• Directions: Output the whole listing below exactly, omitting the images.

• Material provided:
****************

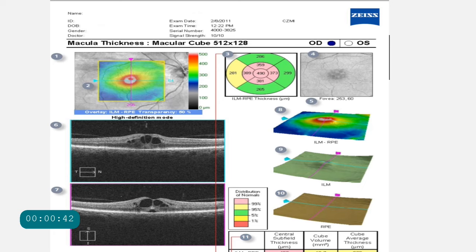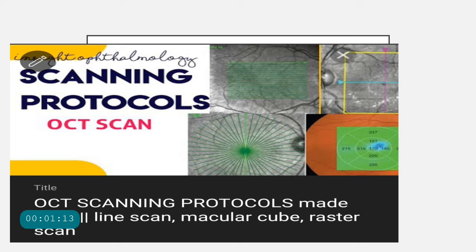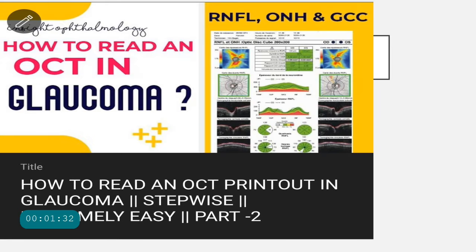We shall be studying the Cirrus OCT by Zeiss. Under the heading of macular OCT specifically, the most important protocol that we study is the macular thickness protocol, also called the macular cube 512 x 128. Similarly, we shall be studying the various line scanning protocols of the Cirrus, whether it is the five-line raster or a 20-line raster, which is converted into a high-definition line scan. If you're not clear about the various scanning protocols, I would advise you to watch my video on scanning protocols in the OCT scan. There are also other protocols specific to glaucoma — the RNFL, the optic nerve head, and the GCC related protocols — which are covered in the video on how to read an OCT printout in glaucoma stepwise.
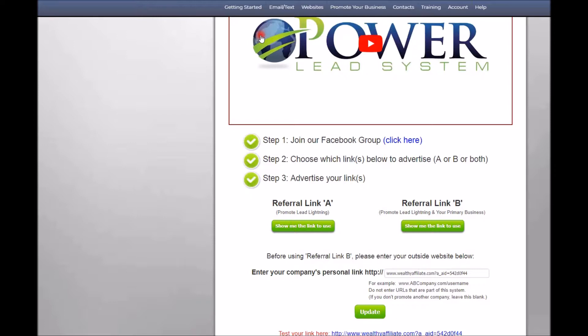The Power Lead System, once you learn it and start working it, can really work into a very lucrative program giving you commissions and passive residual income based on the money your team members are making. The bonuses paid to you are not taken out of your team members' pockets — so everybody gets what they're working for and everybody is happy.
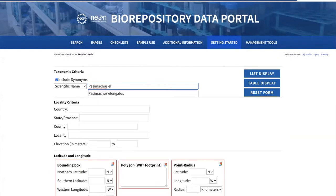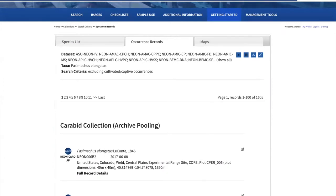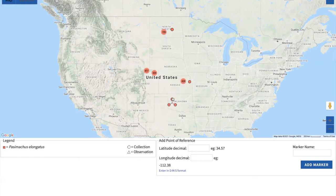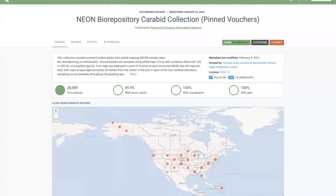Anybody can go on to our portal and search for, say, Passimachus elongatus. We can search all records and see that we have 1,600 samples of Passimachus elongatus. We can also open this up in a map and see records from a number of NEON sites from North Dakota down to Oklahoma — some sites have hundreds of specimens, some have as few as three. Individually, we can check these records and see the species, domain, date collected, and locality. All of these data are searchable in our portal, and we publish them out to GBIF, where all the data are integrated. You can see almost 27,000 pinned carabid records from the United States that have already generated four citations.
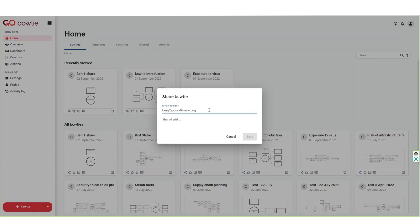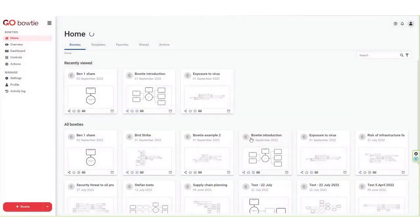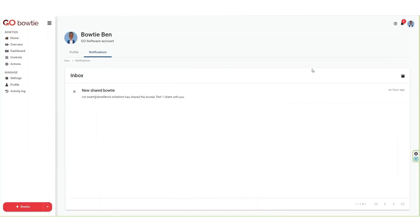Enter the email address of the user you would like to share the bowtie with and press enter. Click on the save button. The bowtie will be shared with the user. The user will receive a notification of the shared bowtie in their inbox.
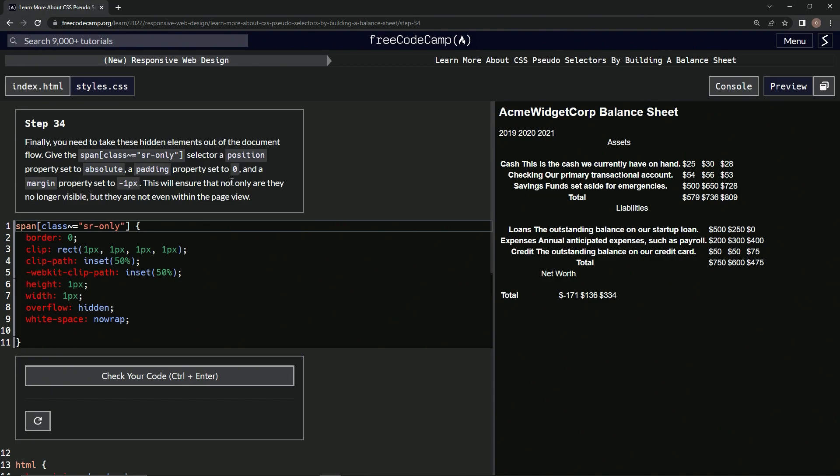And this is going to ensure that not only are they no longer visible, but they are not even within the page view.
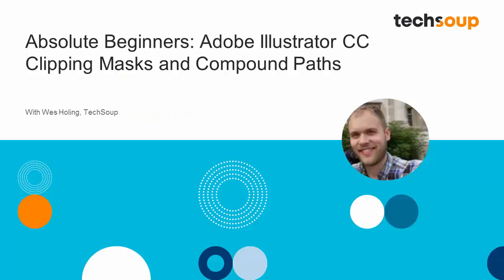Well, that's it for Adobe Absolute Beginners, Adobe Illustrator CC. My name is Wes Holling. I want to thank you for joining me. And I definitely encourage you to check out the tools that we've covered here today and any other tools that Adobe Illustrator offers.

****************

• Solution to this problem:
We shall be studying the Cirrus OCT by Zeiss. Under the heading of macular OCT specifically, the most important protocol that we study is the macular thickness protocol, also called the macular cube 512 x 128. Similarly, we shall be studying the various line scanning protocols of the Cirrus, whether it is the five-line raster or a 20-line raster, which is converted into a high-definition line scan. If you're not clear about the various scanning protocols, I would advise you to watch my video on scanning protocols in the OCT scan. There are also other protocols specific to glaucoma — the RNFL, the optic nerve head, and the GCC related protocols — which are covered in the video on how to read an OCT printout in glaucoma stepwise.
The Power Lead System, once you learn it and start working it, can really work into a very lucrative program giving you commissions and passive residual income based on the money your team members are making. The bonuses paid to you are not taken out of your team members' pockets — so everybody gets what they're working for and everybody is happy.
Anybody can go on to our portal and search for, say, Passimachus elongatus. We can search all records and see that we have 1,600 samples of Passimachus elongatus. We can also open this up in a map and see records from a number of NEON sites from North Dakota down to Oklahoma — some sites have hundreds of specimens, some have as few as three. Individually, we can check these records and see the species, domain, date collected, and locality. All of these data are searchable in our portal, and we publish them out to GBIF, where all the data are integrated. You can see almost 27,000 pinned carabid records from the United States that have already generated four citations.
Enter the email address of the user you would like to share the bowtie with and press enter. Click on the save button. The bowtie will be shared with the user. The user will receive a notification of the shared bowtie in their inbox.
And this is going to ensure that not only are they no longer visible, but they are not even within the page view.
Well, that's it for Adobe Absolute Beginners, Adobe Illustrator CC. My name is Wes Holling. I want to thank you for joining me. And I definitely encourage you to check out the tools that we've covered here today and any other tools that Adobe Illustrator offers.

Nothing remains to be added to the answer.